- _ACTIVITY_
When you print the records below, keep every word exact and leave out the images.

#####

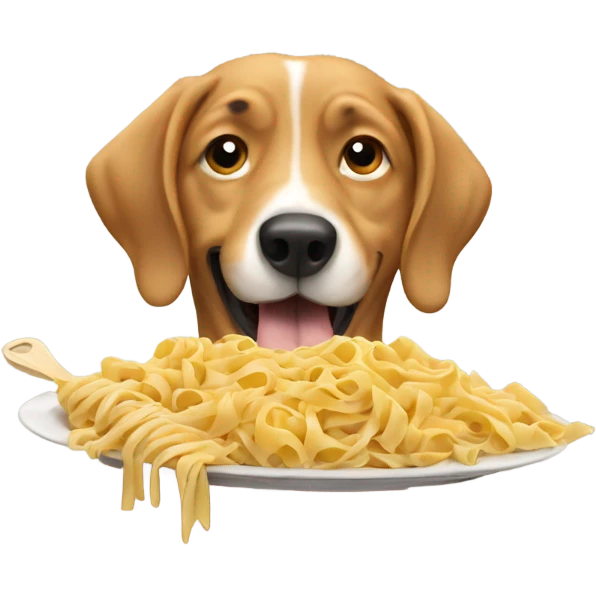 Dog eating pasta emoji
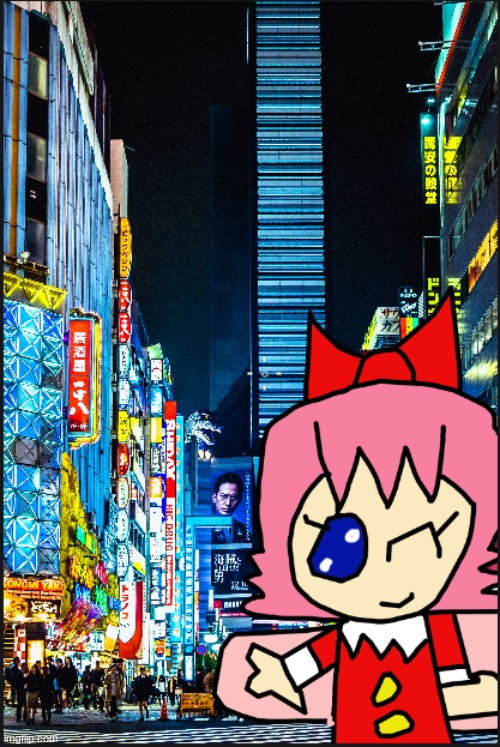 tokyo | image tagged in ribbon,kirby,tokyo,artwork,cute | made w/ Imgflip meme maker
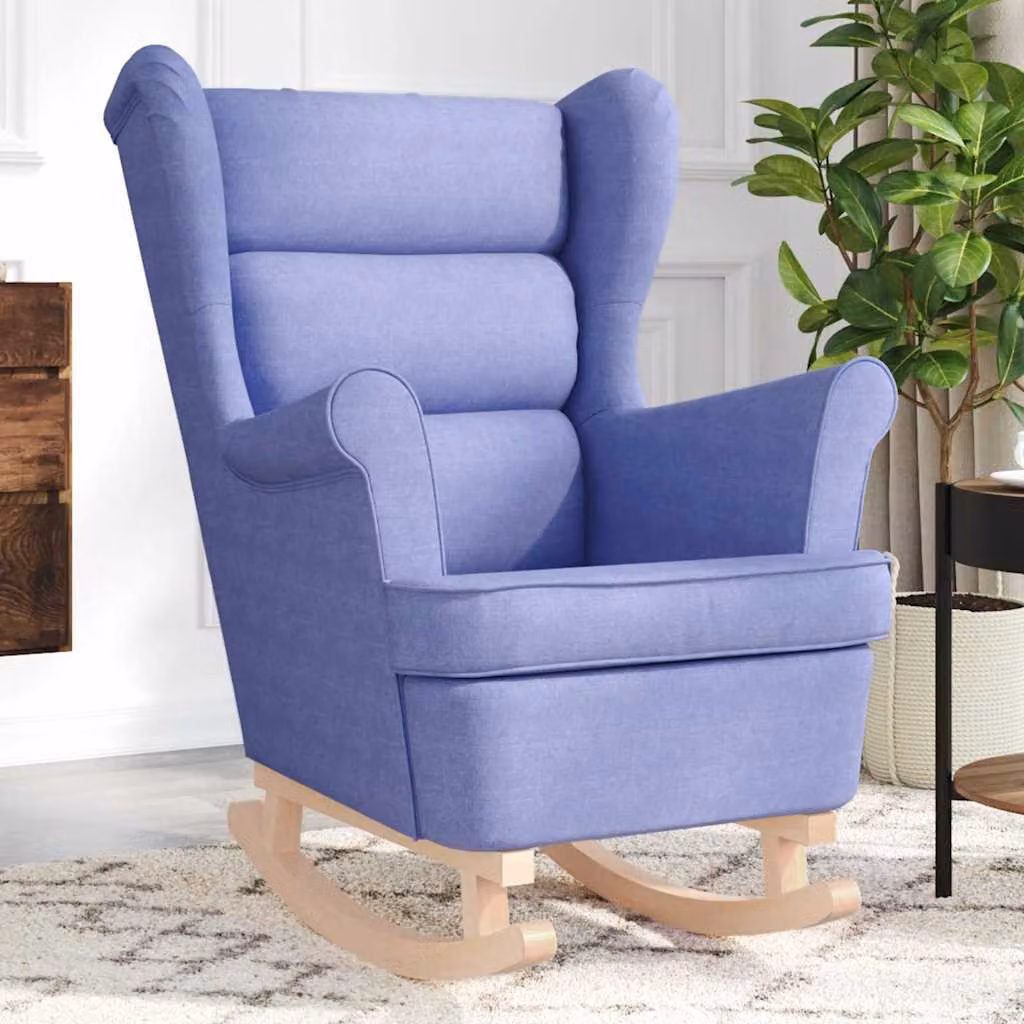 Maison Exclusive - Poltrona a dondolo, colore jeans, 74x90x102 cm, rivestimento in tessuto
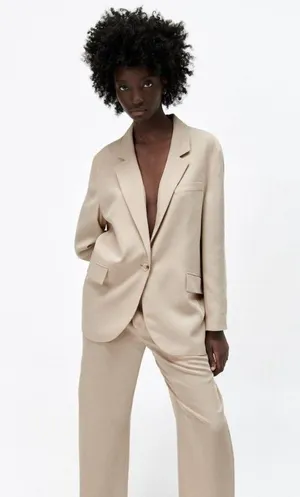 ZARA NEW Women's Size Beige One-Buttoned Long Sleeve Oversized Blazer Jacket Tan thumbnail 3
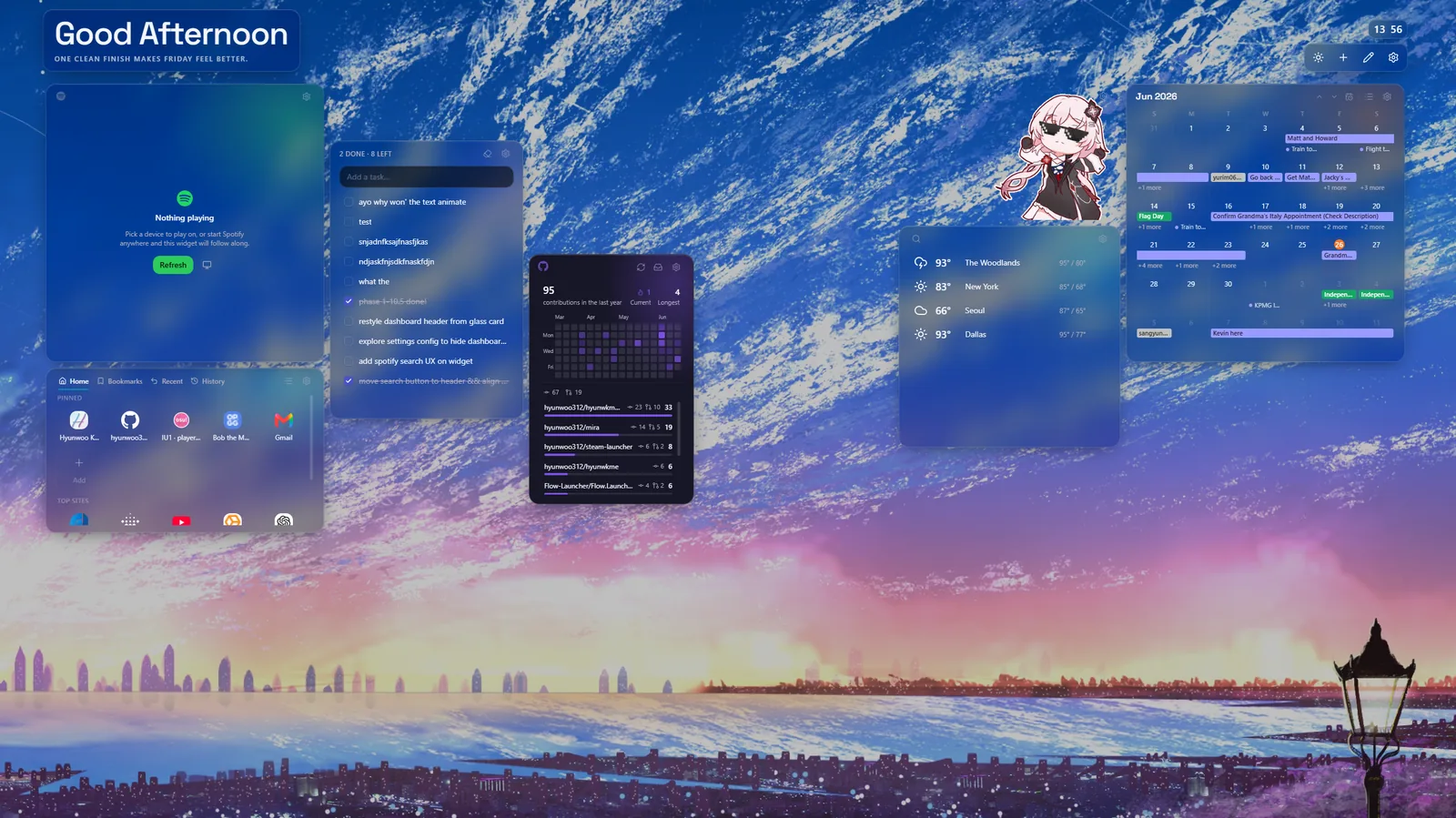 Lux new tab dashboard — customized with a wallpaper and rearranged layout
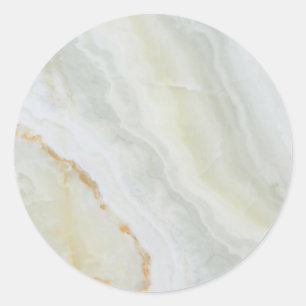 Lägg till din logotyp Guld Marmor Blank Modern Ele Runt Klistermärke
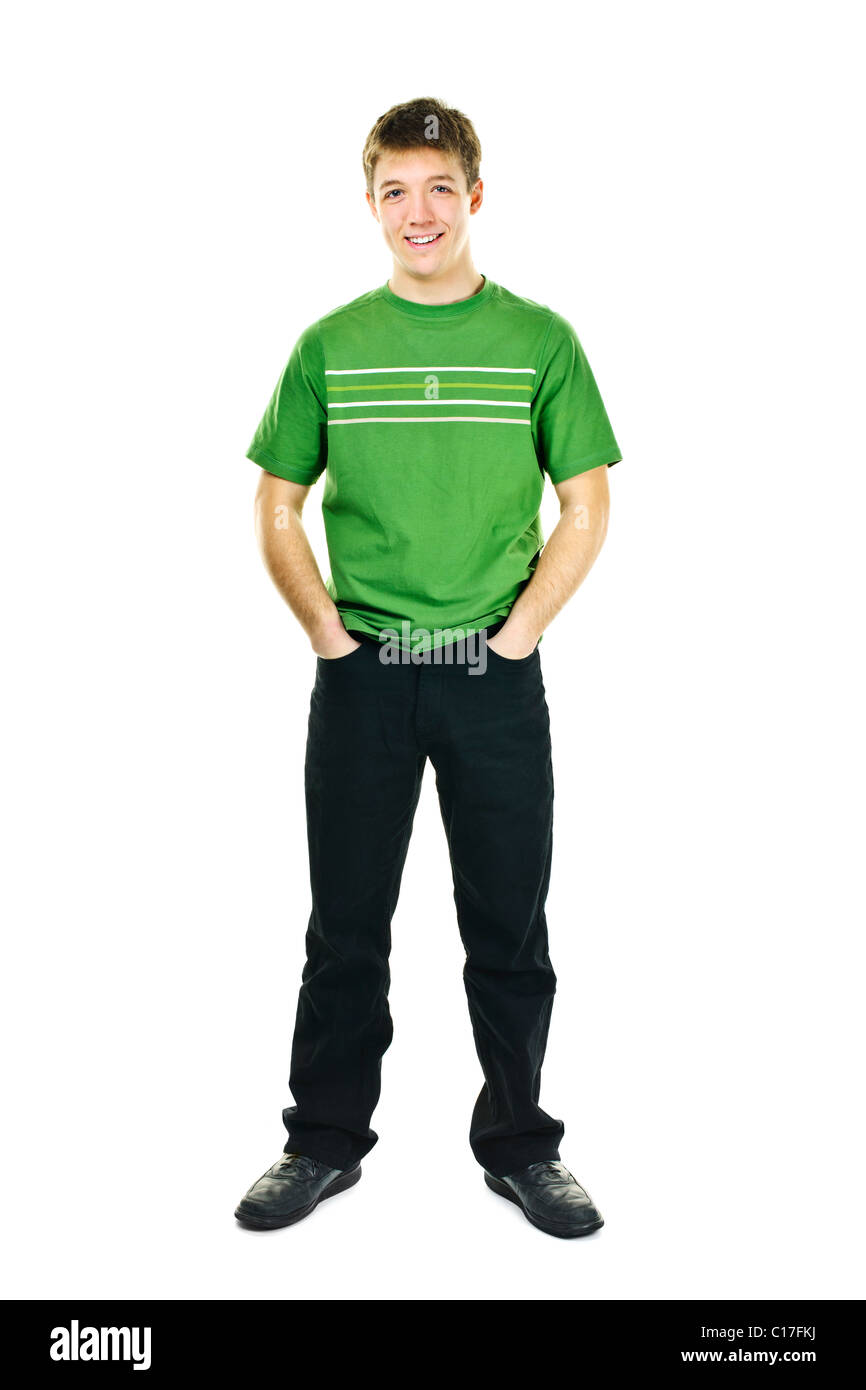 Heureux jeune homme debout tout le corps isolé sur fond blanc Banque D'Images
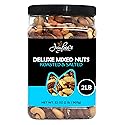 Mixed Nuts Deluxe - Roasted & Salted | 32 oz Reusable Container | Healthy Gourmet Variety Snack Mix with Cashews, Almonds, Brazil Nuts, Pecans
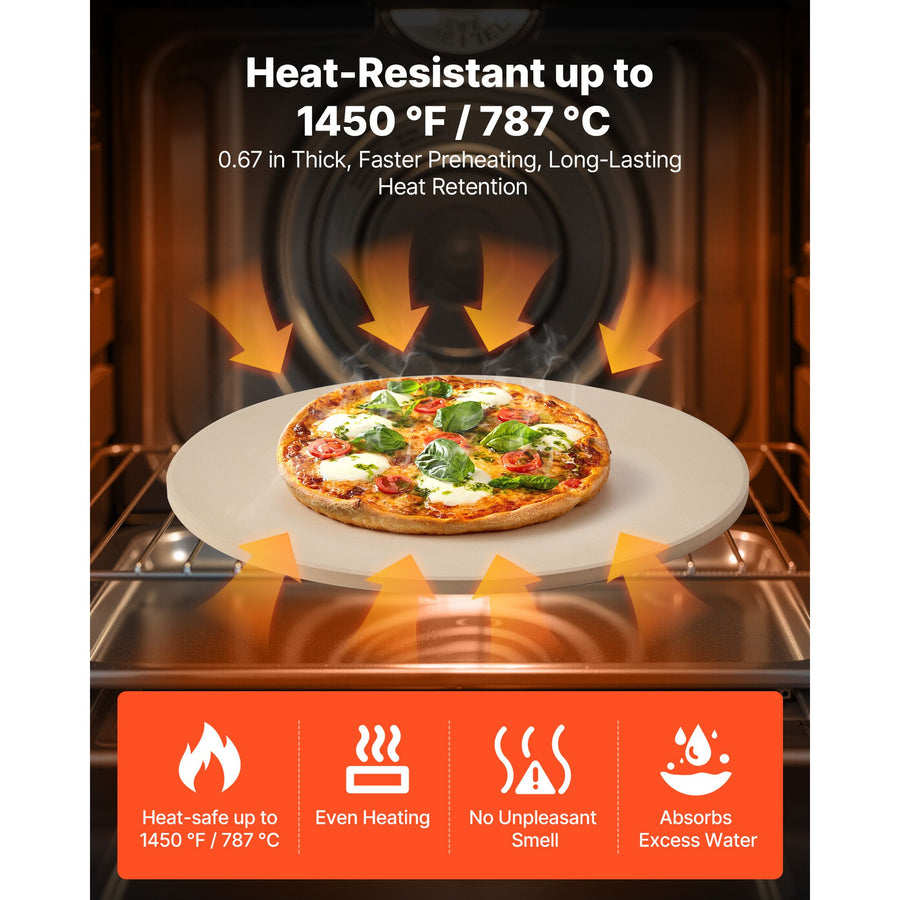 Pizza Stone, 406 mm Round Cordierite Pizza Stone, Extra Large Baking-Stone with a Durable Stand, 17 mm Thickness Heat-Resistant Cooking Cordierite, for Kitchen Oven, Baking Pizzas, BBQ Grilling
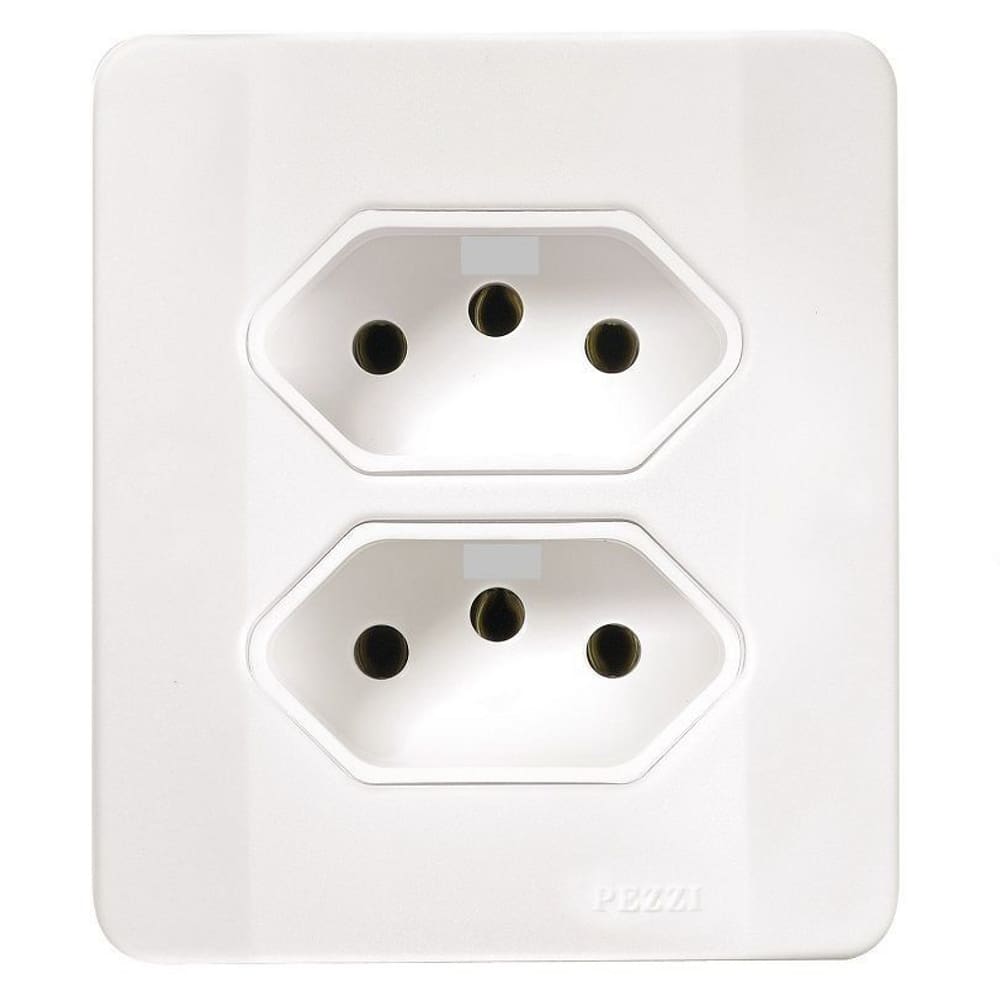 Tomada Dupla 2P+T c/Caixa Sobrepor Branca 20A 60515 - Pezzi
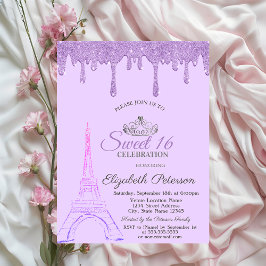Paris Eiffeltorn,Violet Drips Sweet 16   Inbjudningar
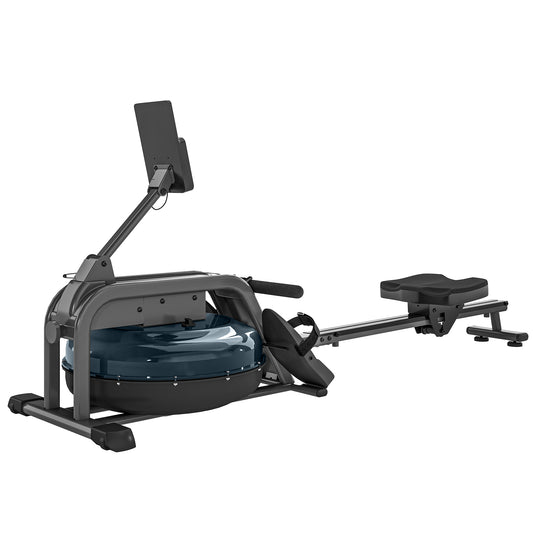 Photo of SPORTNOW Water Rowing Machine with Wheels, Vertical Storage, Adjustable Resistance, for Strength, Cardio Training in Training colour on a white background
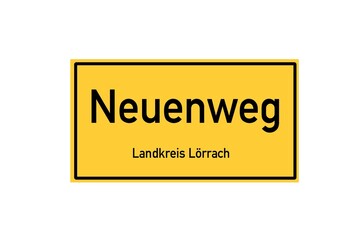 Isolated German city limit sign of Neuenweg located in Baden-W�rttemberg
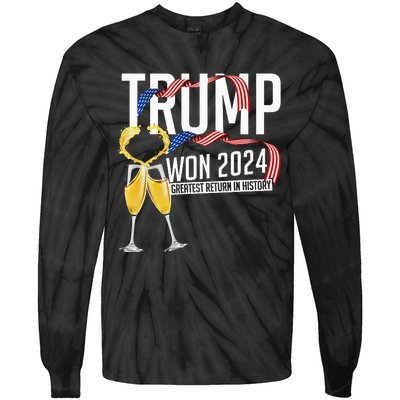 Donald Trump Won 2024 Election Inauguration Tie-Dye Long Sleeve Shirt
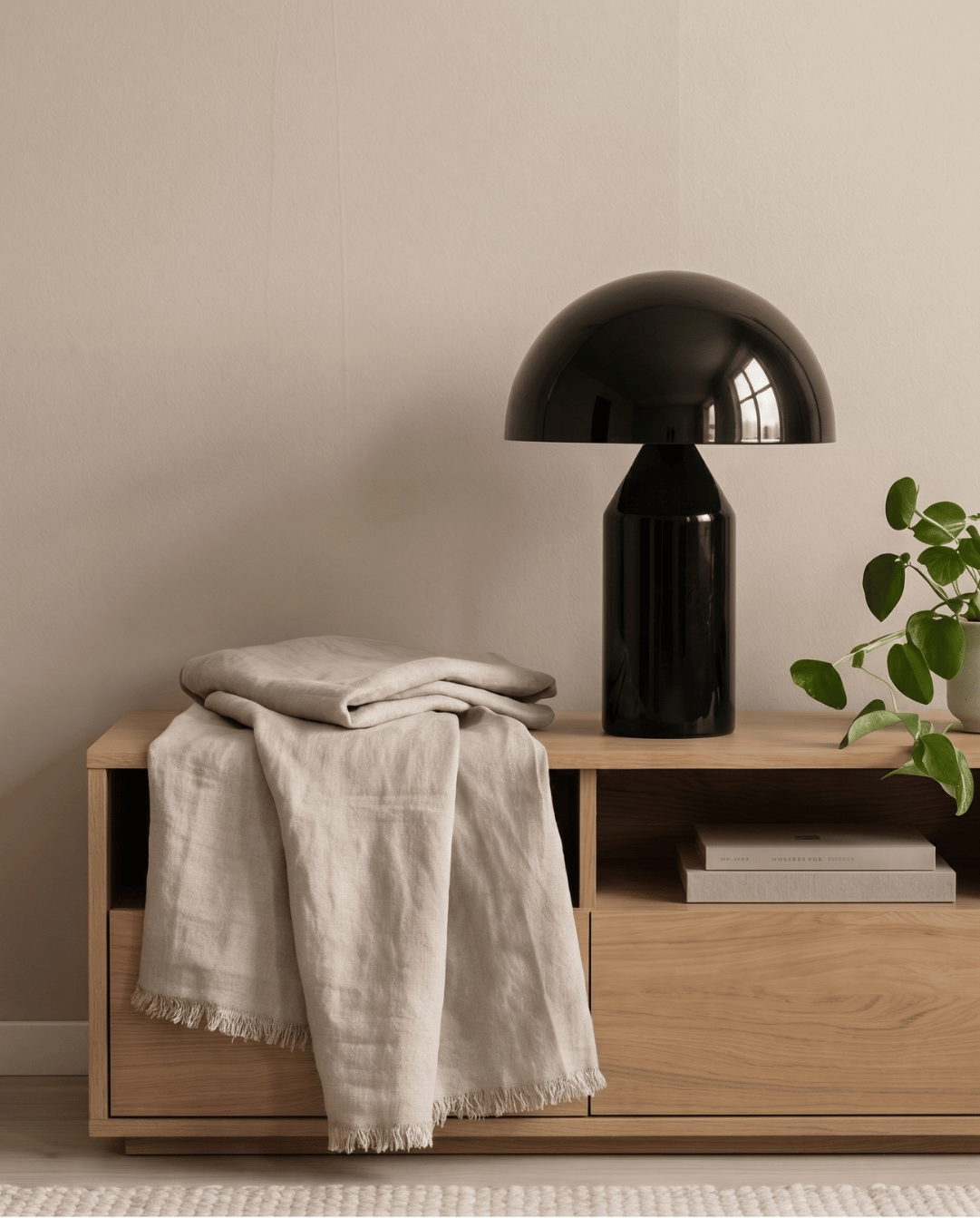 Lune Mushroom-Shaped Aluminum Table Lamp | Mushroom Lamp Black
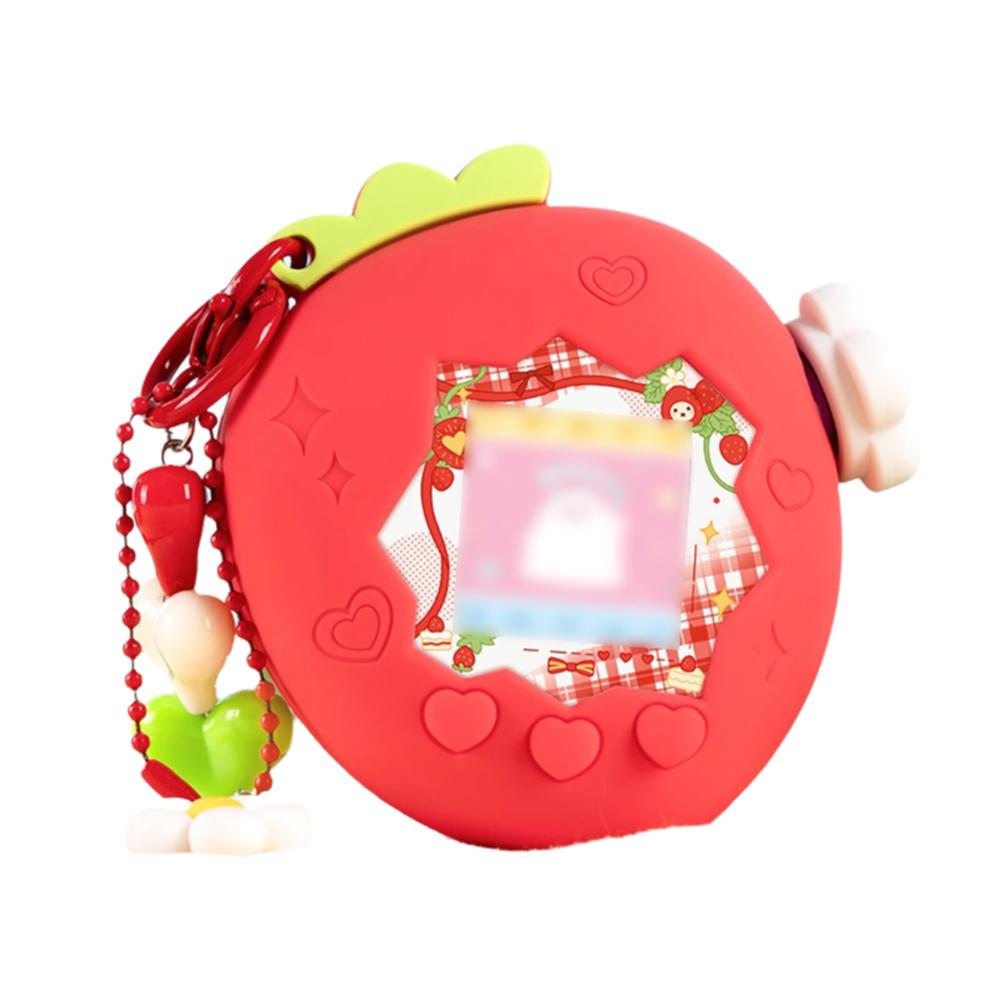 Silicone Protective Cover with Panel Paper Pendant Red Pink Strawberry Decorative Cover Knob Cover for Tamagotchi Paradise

#####

- _RESULT OF THIS TASK_
 Dog eating pasta emoji
 tokyo | image tagged in ribbon,kirby,tokyo,artwork,cute | made w/ Imgflip meme maker
 Maison Exclusive - Poltrona a dondolo, colore jeans, 74x90x102 cm, rivestimento in tessuto
 ZARA NEW Women's Size Beige One-Buttoned Long Sleeve Oversized Blazer Jacket Tan thumbnail 3
 Lux new tab dashboard — customized with a wallpaper and rearranged layout
 Lägg till din logotyp Guld Marmor Blank Modern Ele Runt Klistermärke
 Heureux jeune homme debout tout le corps isolé sur fond blanc Banque D'Images
 Mixed Nuts Deluxe - Roasted & Salted | 32 oz Reusable Container | Healthy Gourmet Variety Snack Mix with Cashews, Almonds, Brazil Nuts, Pecans
 Pizza Stone, 406 mm Round Cordierite Pizza Stone, Extra Large Baking-Stone with a Durable Stand, 17 mm Thickness Heat-Resistant Cooking Cordierite, for Kitchen Oven, Baking Pizzas, BBQ Grilling
 Tomada Dupla 2P+T c/Caixa Sobrepor Branca 20A 60515 - Pezzi
Paris Eiffeltorn,Violet Drips Sweet 16   Inbjudningar
 Photo of SPORTNOW Water Rowing Machine with Wheels, Vertical Storage, Adjustable Resistance, for Strength, Cardio Training in Training colour on a white background
 Isolated German city limit sign of Neuenweg located in Baden-W�rttemberg
 Donald Trump Won 2024 Election Inauguration Tie-Dye Long Sleeve Shirt
 Lune Mushroom-Shaped Aluminum Table Lamp | Mushroom Lamp Black
 Silicone Protective Cover with Panel Paper Pendant Red Pink Strawberry Decorative Cover Knob Cover for Tamagotchi Paradise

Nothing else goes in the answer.